768.2 Women in the streets and affections: Revisiting the debate on the “affective turn” in feminist theory

Saturday, August 4, 2012: 4:25 PM
Faculty of Economics, TBA
Oral Presentation
Rosimeire SILVA , Centre for Social Studies, University of Coimbra, Coimbra, Portugal
The feminist practices have contributed, throughout its history, to destabilize categories unquestioned by modern science. The various forms of oppression as well as the diversity of struggles, spaces, and ways of creating these women, their multiple affiliations and silences to which they were relegated to serve as a catalyst for the emergence of a new body of theory that questioned, through the living experience, universalism, essentialism and Eurocentrism. Studies in the political culture of the emotions were written with depth and rigor and the patriarchal structures of modern science were put in check by intense debate. However, it seems to us that even after several advances and the underlining of a complex theoretical framework, the question of objectivity and, therefore, the idea of a supporting reason; even as they appear to be revised and reinterpreted, continue to be rejected by the studies presently named “affective turn”. “The” modernity was questioned, but not the modern practices that persist on informing our speeches. The affective turn, despite being critically striking the deal with the inherited conceptions of modernity, fails by not proposing its transformation.
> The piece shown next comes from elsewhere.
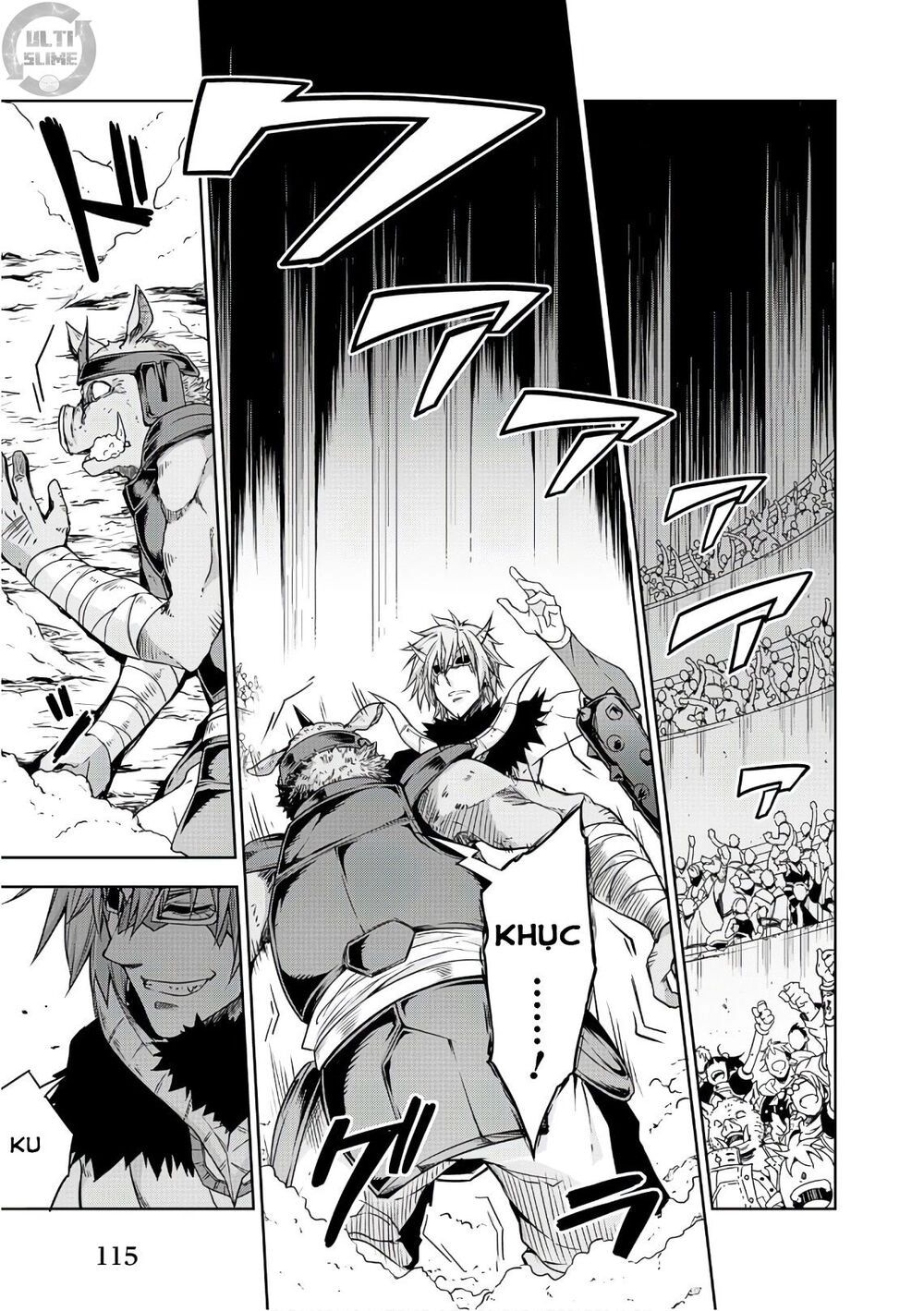 Dạo Quanh Ma Quốc Chapter 30 - 3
Thus, the aim of our paper is, through a discussion to dialogue with recent studies that represent the “affective turn” in feminist theory, a proposal to recover the affections of the political philosophy of Baruch Spinoza, while arguing about the need for overcoming the modern legacy and to release our practices and policies from the yoke of “objectivity”. Therefore, we propose the (re)meeting of Spinoza’s philosophy and feminist theory with the struggles of these women, leaders of a movement of people in the Brazilian streets, where the affections are already commonly understood as continuous variations of our ability to exist and as a place to expand our power of action in the world, living, thinking and feeling, inseparably.